AT&T moved to dismiss the suit, arguing that it was exempt from FTC regulation under Section 5 because it is a "common carrier[ ] subject to the Acts to regulate commerce." 15 U.S.C. § 45(a)(2). In AT&T's view, the common-carrier exemption may be invoked so long as an entity has the "status" of a common carrier. That is, if an entity qualifies as a common carrier, all of its activities are immune from regulation under Section 5, regardless of whether the entity provides both common-carriage and non-common-carriage services.

In response, the FTC claimed that AT&T was exempt from jurisdiction only "to the extent that it provides a common carrier service." In the FTC's view, the common-carrier exemption applies only to the extent that an entity actually engages in common-carrier activities. Under this "activity-based" interpretation, an entity's non-common-carriage activities are subject to FTC regulation. At the time the FTC filed suit, mobile data provision was not a "common carrier service."

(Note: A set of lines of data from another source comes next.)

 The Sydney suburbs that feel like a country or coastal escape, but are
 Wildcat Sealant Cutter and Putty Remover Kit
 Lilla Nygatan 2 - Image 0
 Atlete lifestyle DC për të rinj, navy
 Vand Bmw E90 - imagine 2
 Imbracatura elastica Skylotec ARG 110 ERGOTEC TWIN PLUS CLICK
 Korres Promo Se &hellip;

While AT&T's motion to dismiss was pending, the FCC issued an order changing its classification of mobile data, such that it would be treated as a common-carriage service rather than a non-common-carriage service, but "only on a prospective basis."2 See In the Matter of Protecting and Promoting the Open Internet , 30 F.C.C. Rcd. 5601, 5734 n.792 (2015) (the "Reclassification Order").

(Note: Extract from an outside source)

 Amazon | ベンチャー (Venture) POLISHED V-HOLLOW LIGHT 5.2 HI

In response to this regulatory change, AT&T took the position that it was a common carrier under any construction of Section 5, and that the FTC was no longer empowered to pursue its claims, either past or present, against the company. The FTC countered that the lawsuit remained live against AT&T's pre-Reclassification Order data-throttling practices.

The district court denied AT&T's motion to dismiss. In concluding that AT&T was not exempt from FTC oversight, the court examined judicial opinions contemporaneous with the Act's passage. The court found that around 1914, "[a]n entity was deemed a common carrier when it had the status of [a] common carrier and was actually engaging in common carriage services." Other factors supported this historical interpretation. The district court read the FTC Act broadly and its exemptions narrowly because the FTC Act is a remedial statute. The court also analyzed the legislative history, afforded the FTC's interpretation some deference under Skidmore v. Swift & Co. , 323 U.S. 134, 65 S.Ct. 161, 89 L.Ed. 124 (1944), and observed that exempting AT&T from FTC jurisdiction would "result in significant regulatory gaps." The district court also determined...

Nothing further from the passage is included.